Limitations and Gotchas

Limit 1: Context size. Multiple tool results append to the conversation. If each result is large, context fills up fast. Monitor tokens; truncate large results if necessary.

Limit 2: Execution time. If tools are slow, the entire workflow is limited by the slowest tool (the critical path). Parallel execution helps only if tools have similar latency.

Limit 3: Rate limits. Parallel calls to the same API may hit rate limits. Consider batching or throttling concurrent requests.

Limit 4: Resource exhaustion. Too many concurrent operations (threads, async tasks) can exhaust file descriptors or memory. Use bounded executors (e.g., max_workers=10).

Comparison: Sequential vs. Parallel

MetricSequential (5 tools, 1s each)Parallel (same)Speedup
Total latency5s1s
Token usageHigher (multiple responses)Lower (single response batch)10–20% savings
Error recoveryPer-toolAll-or-nothingSequential is more granular
Model complexitySimpler (fewer calls)Slightly higher (track IDs)Negligible

Key Takeaways

  • Parallel tool execution cuts latency when tools are independent.
  • Models can output multiple tool calls in a single response; runtimes execute concurrently.
  • Use asyncio for I/O-bound tools; use ThreadPoolExecutor for CPU-bound.
  • Group tools by dependency level when parallelization is not possible.
  • Monitor context size, rate limits, and resource usage to avoid bottlenecks.
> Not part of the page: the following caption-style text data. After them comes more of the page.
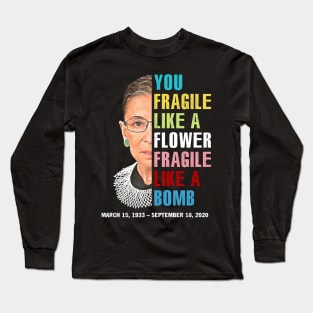 Not Fragile Like A Flower Fragile Like A Bomb Ruth Bader Ginsburg Love Rbg Long Sleeve T-Shirt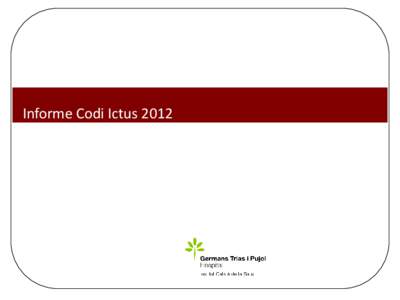 Informe Codi Ictus 2012  Nombre d’activacions de Codi Ictus a la regió Barcelonès Nord i Maresme  Augment progressiu del nombre d’activacions de Codi Ictus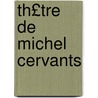 Th£tre de Michel Cervants door Miguel Cervantes Saavedra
Frequently Asked Questions

Can the model decide when to parallelize?

The model does not explicitly choose parallelization—it simply outputs multiple tool calls if it determines they are independent. Your runtime then decides how to execute them (sequentially or in parallel). Most frameworks parallelize by default when multiple calls are present.

What if one parallel tool fails?

Catch the exception, return an error message for that tool's tool_use_id, and include successful results from other tools. The model reads mixed success/error and may retry the failed tool or work around it.

How many parallel tools is safe?

Start with 5–10. Monitor CPU, memory, and network usage. For API calls, check rate limits (many APIs allow 10–100 requests/sec). For database queries, check connection pool limits. Adjust concurrency based on observed bottlenecks.

Does parallel execution increase model hallucination?

No. The model decides which tools to call independently. Parallelization is a runtime optimization that does not affect the model's reasoning.

Should I use threads or async?

Use async for I/O-bound (network, database). Use threads for CPU-bound (math, compression). Python's asyncio is lighter-weight and more elegant for I/O; threading is simpler for CPU work. For most agent workloads (APIs, databases), async is preferred.